[Eng Sing has a standard Chinese haircut for that time period. Traditionally the baby’s head was completely shaved except a little topknot in the crown of his head. A “Shaving Feast” may have been held for Eng Sing when he was one-month old. At the feast an elaborate meal would be served for many guests. An article, from a Caucasian prospective, published on 3 March 1912 in the Dallas Morning News describes a feast with a fourteen-course meal with turtle, bacon, roast duck, eel, bamboo sprouts, pigeon, abalone and other exotic foods.]
See “A Chinese Shaving Feast,” Dallas Morning News (Dallas, TX), 3 March 1912, Section 3, page 3; Newspaper. Online at GenealogyBnk.com, http://bit.ly/1Kmmgfw, accessed 9 Sept 2015.
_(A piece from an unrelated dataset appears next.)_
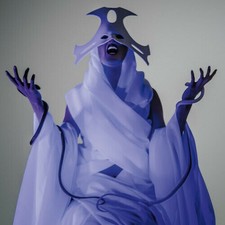 Door Harp CD New & Sealed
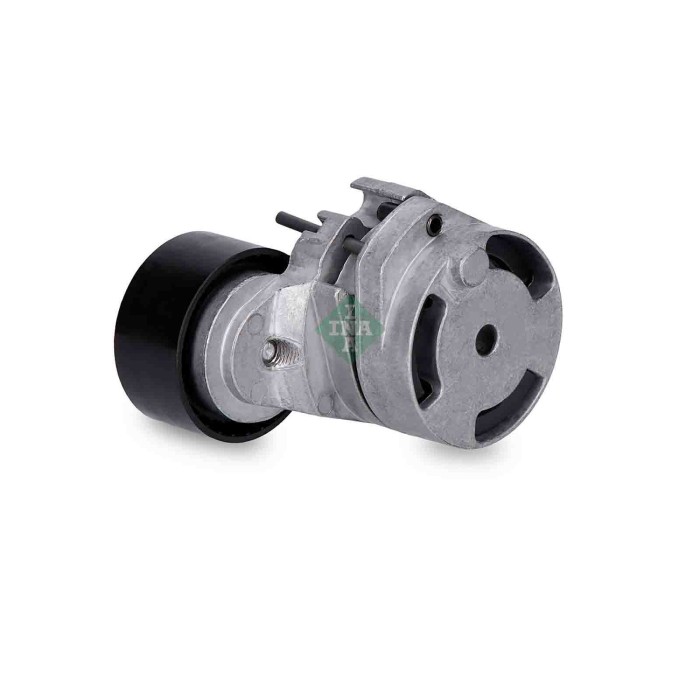 NEUTRO.jpg Tendicinghia Cinghia Poly-V 534 0180 10 SCHAEFFLER INA per PEUGEOT Citroen FORD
Eng Sing (on the right) was about three years old when this photograph was taken ca. 1912 with his mother and brother. Eng Sing, age 13, arrived in Seattle on 26 November 1925 on the SS President Jefferson. His father, a merchant, was unable to prove his relationship to his alleged son so Eng Sing was deported on 4 February 1926.
[Fake backgrounds were popular in portraits at this time but this is the first time I have seen a fake dog in a photograph.] [Note traditional haircuts on the boys.]